Stare dietro alle pubblicazioni di Paolo Catena è diventata impresa ardua, se non impossibile.
Liberatosi da vincoli con label discografiche, il nostro negli ultimi anni ha sciorinato releases una dietro l’altra, creando anche una certa confusione utilizzando più monicker (The Improvisor, Paul Cat, Translate e altri), e a mio avviso non ha certo aiutato la scelta della stampa in edizioni limitate in pochissime copie distribuite esclusivamente da lui stesso (e il lavoro qui recensito non fa eccezione a questa regola).
Ad ogni modo, dopo il doppio capitolo “Quadri musicali” rilasciato a nome Paolo Catena, ecco oggi arrivare “Inedits”.
Disco che esce a nome Translate in quanto raccoglie canzoni composte e registrate fino al 2009, anno in cui Paolo ha accantonato questo monicker.

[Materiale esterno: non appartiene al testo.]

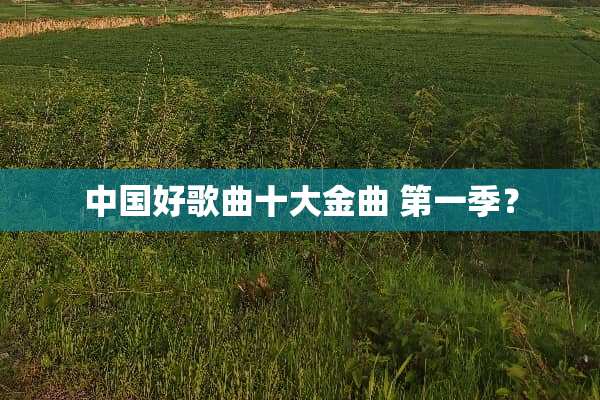 中国好歌曲十大金曲 第一季？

Due le certezze assolute di questo disco.
La prima è che la chitarra elettrica torna l’ assoluta protagonista delle composizioni.

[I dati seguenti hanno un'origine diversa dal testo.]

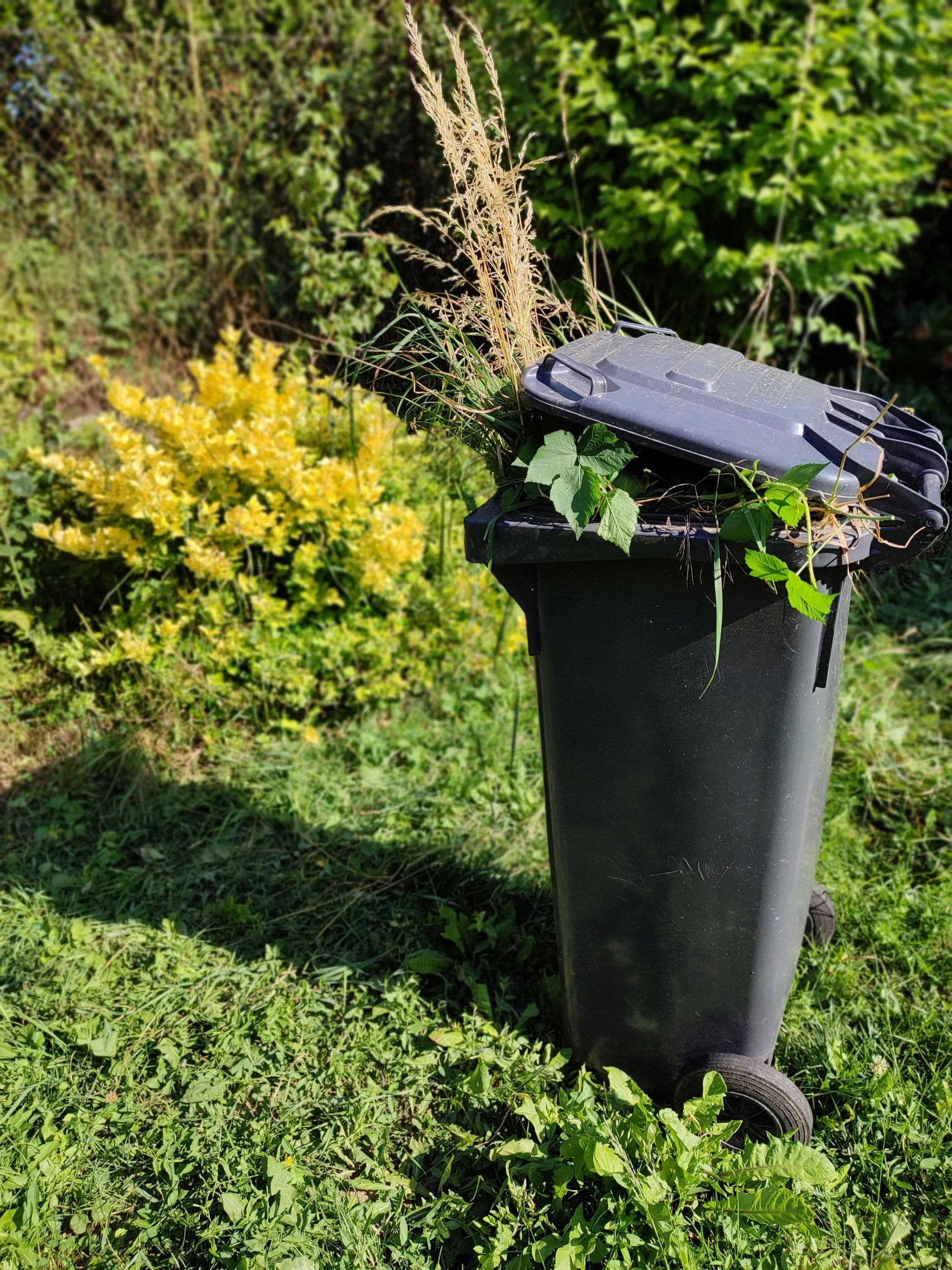 A garden waste bin filled with grass and foliage in a sunlit, vibrant garden.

La seconda è che “Inedits” è il disco più doom oriented che Paolo abbia mai realizzato da oltre dieci anni ad oggi.
Il doom come lo ha sempre inteso Paolo, ovvero lenti e tetri riffs sabbathiani perennemente attraversati/miscelati agli umori psichedelici e spaziali creati dalla sua chitarra atti a dipingere quadri sonori che danno differenti emozioni ad ogni nuovo ascolto.
“Inedits” echeggia quindi le cupe sonorità e soprattutto le atmosfere grigio/nere della prima discografia a nome Paul Chain Violet Theatre e sovente richiama alla spossante lentezza del capolavoro “Alkahest”, presentando inoltre reminiscenze del duo “Sign from space”/”Cosmic wind” nelle fasi in cui Paolo lascia che la sua passione per la psichedelia e lo space rock guidino il suo estro.
Spiace la presenza di brani molto brevi, quasi sicuramente sono una versione bozza che poi magari sarà stata allungata (ma qui non pubblicata) o lasciata morire; un vero peccato.
Diversamente, “Reason of changes”, “Surniacat”, la conclusiva ossessionante “The end of love (in the world)” sono manna dal cielo per i molti nostalgici dei suoi esordi, ascoltatori che, credo si possa dire, mai avrebbe immaginato di ascoltare una nuova release di questo tipo dal nostro.
Vetta assoluta del disco è a mio avviso la drammatica “Poetry” (impreziosita inoltre dal dolce cantato in francese di Lola Sprint), testimonianza di quante emozioni sappia ancora trasmettere in note l’artista marchigiano.